The ServiceHealthMonitor:

  • Periodically checks health of all configured services
  • Automatically restarts services with exponential backoff on failure
  • Configurable max retries before giving up
  • Broadcasts service status changes via WebSocket
  • Maintains health event history for debugging
  • Supports graceful shutdown

Configuration

The health monitor is configured per-service via ServiceConfig:

| Parameter | Type | Description | | ----------------- | ------- | ----------------------------------------------- | -------------------------------------------------- | | name | str | Service name (e.g., "redis", "yolo26") | | health_endpoint | str | URL for health check | | restart_cmd | str | None | Command to restart service (None disables restart) | | max_retries | int | Maximum restart attempts before giving up | | backoff_base | float | Base delay for exponential backoff (seconds) | | check_interval | float | Interval between health checks (default: 15.0s) |

Initialization

The ServiceHealthMonitor is initialized with a service manager and list of services to monitor (backend/services/health_monitor.py:59-89):

def __init__(
    self,
    manager: ServiceManager,
    services: list[ServiceConfig],
    broadcaster: EventBroadcaster | None = None,
    check_interval: float = 15.0,
    max_events: int = 100,
) -> None:
    self._manager = manager
    self._services = services
    self._broadcaster = broadcaster
    self._check_interval = check_interval
    self._failure_counts: dict[str, int] = {}
    self._running = False
    self._task: asyncio.Task[None] | None = None
    self._health_events: deque[HealthEvent] = deque(maxlen=max_events)

Service Status Values

Status Description
healthy Service responding normally
unhealthy Health check failed
restarting Restart in progress
restart_failed Restart attempt failed
restart_disabled Service unhealthy but restart disabled
failed Max retries exceeded, giving up

Startup and Shutdown

Startup

The ServiceHealthMonitor is started during application lifespan (backend/main.py:750-756):

service_health_monitor = ServiceHealthMonitor(
    manager=service_manager,
    services=service_configs,
    broadcaster=event_broadcaster,
    check_interval=15.0,
)
await service_health_monitor.start()

The start() method (backend/services/health_monitor.py:91-107):

async def start(self) -> None:
    if self._running:
        logger.warning("ServiceHealthMonitor already running")
        return

    logger.info("Starting ServiceHealthMonitor")
    self._running = True
    self._failure_counts.clear()

    # Start health check loop in background
    self._task = asyncio.create_task(self._health_check_loop())
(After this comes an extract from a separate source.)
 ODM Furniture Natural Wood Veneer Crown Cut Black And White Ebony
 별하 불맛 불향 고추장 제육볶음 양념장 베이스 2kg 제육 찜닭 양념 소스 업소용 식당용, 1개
    logger.info("ServiceHealthMonitor started successfully")

Shutdown

The shutdown sequence (backend/services/health_monitor.py:109-128):

async def stop(self) -> None:
    if not self._running:
        return

    logger.info("Stopping ServiceHealthMonitor")
    self._running = False

    if self._task:
        self._task.cancel()
        with contextlib.suppress(asyncio.CancelledError):
            await self._task
        self._task = None

    logger.info("ServiceHealthMonitor stopped")

Health Check Loop

The main monitoring loop (backend/services/health_monitor.py:130-185):

%%{init: {'theme': 'dark'}}%%
flowchart TB
    ForEach["For each service"]
    CheckHealth["check_health()"]
    IsHealthy{Healthy?}
    ResetCount["Reset failure count"]
    HandleFailure["Handle failure"]
    RestartDisabled{Restart disabled?}
    BroadcastStatus["Broadcast status"]
    BackoffRestart["Backoff restart"]

    ForEach --> CheckHealth
    CheckHealth --> IsHealthy
    IsHealthy -->|Yes| ResetCount
    IsHealthy -->|No| HandleFailure
    HandleFailure --> RestartDisabled
    RestartDisabled -->|Yes| BroadcastStatus
    RestartDisabled -->|No| BackoffRestart
async def _health_check_loop(self) -> None:
    while self._running:
        for service in self._services:
            if not self._running:
                break

            try:
                is_healthy = await self._manager.check_health(service)

                if is_healthy:
                    # Service recovered or still healthy
                    if service.name in self._failure_counts and self._failure_counts[service.name] > 0:
                        logger.info(f"Service {service.name} recovered")
                        self._failure_counts[service.name] = 0
                        await self._broadcast_status(service, "healthy", "Service recovered")
                else:
                    # Service is unhealthy
                    await self._broadcast_status(service, "unhealthy", "Health check failed")
                    await self._handle_failure(service)

            except Exception as e:
                logger.error(f"Error checking health of {service.name}: {e}")
                await self._broadcast_status(service, "unhealthy", f"Health check error: {e}")
                await self._handle_failure(service)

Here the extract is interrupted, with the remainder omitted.